Dreaming Big…or Blowing Smoke?
Announcing that your company is going to become the cannabis industry’s version of a huge, well-known brand is an interesting marketing tactic that can build hype…or backfire by creating skepticism.
This week, a Canadian company run by Olympic snowboarding gold medalist Ross Rebagliati said it intends to become the “Amazon” of medical marijuana by essentially distributing cannabis from licensed growers around the county.
While it sounds impressive on paper, some people are turned off by the bold claims.
A columnist for Stockhouse – a prominent financial and website in Canada – was particularly brutal, saying it’s “the kind of baseless, empty statement that every company could make, but doesn’t because it’s, you know, stupid.”
Here are a few additional examples of companies that have compared themselves – or been compared by the media – to mega-brands:
– When Jamen Shively – a former Microsoft executive – announced his intentions to build a chain of marijuana stores in Washington and Colorado, he drew comparisons to Starbucks. The media ran with it, saying he aims to create the “Starbucks of marijuana.” Shively also said he was going to “mint more millionaires than Microsoft,” leading some to call him “the Bill Gates of cannabis.” It should be noted that his plan was widely criticized as being too grandiose and out-of-touch with the realities of the cannabis industry.
– A story about Medicine Man – a recreational and medical cannabis shop in Colorado – said the company is trying to become “the Costco of weed.” It’s unclear if the company brought up the discount club chain itself or if the newspaper made the comparison on its own. It remains to be seen if Medicine Man will ever reach those heights – at least as far as the Colorado market is concerned – but it’s certainly one of the most successful cannabis stores in the state.
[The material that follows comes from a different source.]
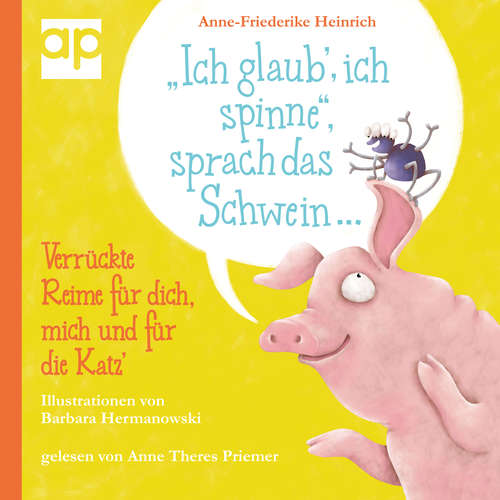 Hoerbuch "Ich glaub', ich spinne", sprach das Schwein ... - Anne-Friederike Heinrich - Anne Theres Priemer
– Several years ago, cultivation equipment retailer weGrow that billed itself as the “Wal-Mart of weed” made waves as it opened several stores across the country, gaining a ton of media attention along the way. Fast-forward to 2014, and the company most certainly is not the Wal-Mart of weed. It’s unclear how many stores there are – the website doesn’t offer up a list, and the latest entry in its press release section is from 2012. WeGrow’s founder also was sentenced to five years of probation for defrauding the city of Oakland.